WHAT YOU WILL DO: Write out the entries exactly, pictures excluded.

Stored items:
=== Begin Enclosure ===

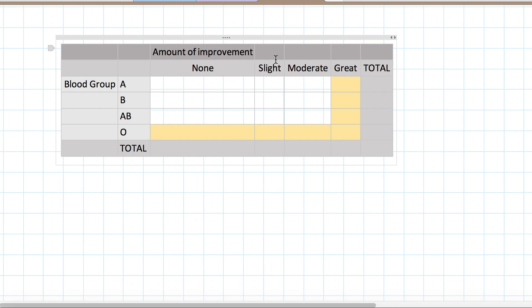First of all, we can have more than two rows and more than two columns. And also, if we have the assumption that isn't met, we can use a Fisher exact test. Thank you for joining me for this discussion.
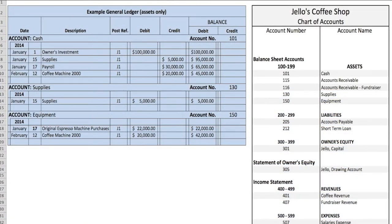Now we're going to look at the general ledger itself. In front of you I have an example of a part of a general ledger. When you look at the general ledger, you'll note that the balance sheet accounts appear first, followed by the income statement accounts. This will speed the preparation of the trial balance and the financial statements. The order normally would be something like assets, liabilities, owner's equity, revenue, and expenses.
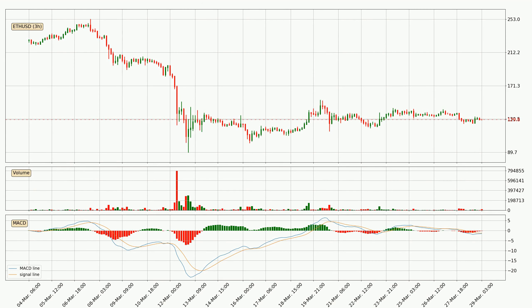In general, the larger time frames have a greater impact on the price, so please remember that when we display different time frames with different indicators. Also, the shorter time frames are only representative for short term trading.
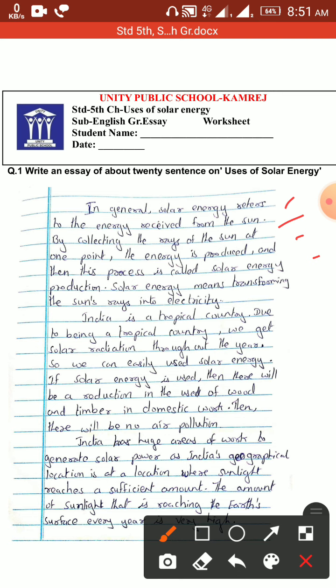Solar energy means transforming the sun's rays into electricity. India is a tropical country; due to being a tropical country, we get solar radiation throughout the year. We can easily use solar energy, and if solar energy is used, it will reduce the use of wood and other fuels in domestic work, resulting in less air pollution.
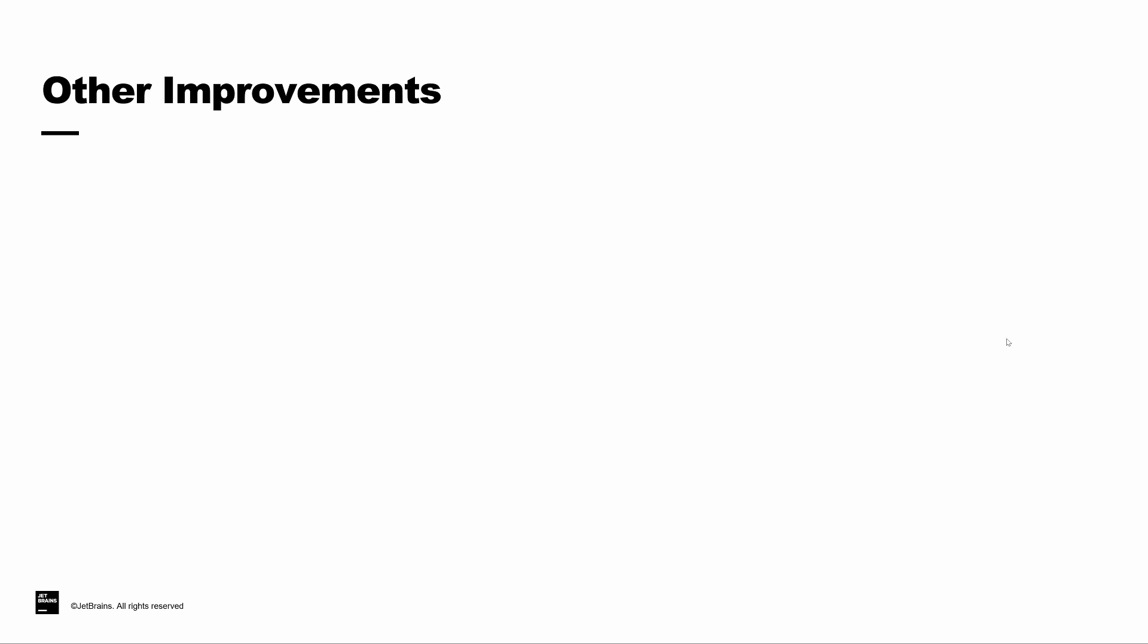I want to touch on a few other improvements in the 2020.1 release of TeamCity. First, we've made the investigations history accessible in the web user interface. This feature is going to be most helpful for larger teams or projects when it's not always easy to determine who or when a specific change has resolved an investigation.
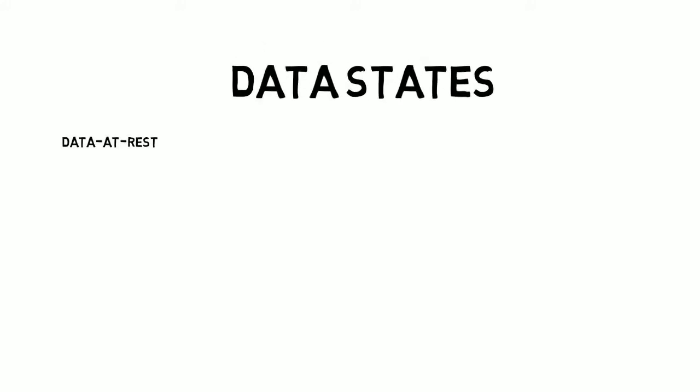When working in the information security and architecture space, it's common to talk about data being in one of three states, either at rest, in transit or in use.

=== End Enclosure ===

EXPECTED ANSWER:
First of all, we can have more than two rows and more than two columns. And also, if we have the assumption that isn't met, we can use a Fisher exact test. Thank you for joining me for this discussion.
Now we're going to look at the general ledger itself. In front of you I have an example of a part of a general ledger. When you look at the general ledger, you'll note that the balance sheet accounts appear first, followed by the income statement accounts. This will speed the preparation of the trial balance and the financial statements. The order normally would be something like assets, liabilities, owner's equity, revenue, and expenses.
In general, the larger time frames have a greater impact on the price, so please remember that when we display different time frames with different indicators. Also, the shorter time frames are only representative for short term trading.
Solar energy means transforming the sun's rays into electricity. India is a tropical country; due to being a tropical country, we get solar radiation throughout the year. We can easily use solar energy, and if solar energy is used, it will reduce the use of wood and other fuels in domestic work, resulting in less air pollution.
I want to touch on a few other improvements in the 2020.1 release of TeamCity. First, we've made the investigations history accessible in the web user interface. This feature is going to be most helpful for larger teams or projects when it's not always easy to determine who or when a specific change has resolved an investigation.
When working in the information security and architecture space, it's common to talk about data being in one of three states, either at rest, in transit or in use.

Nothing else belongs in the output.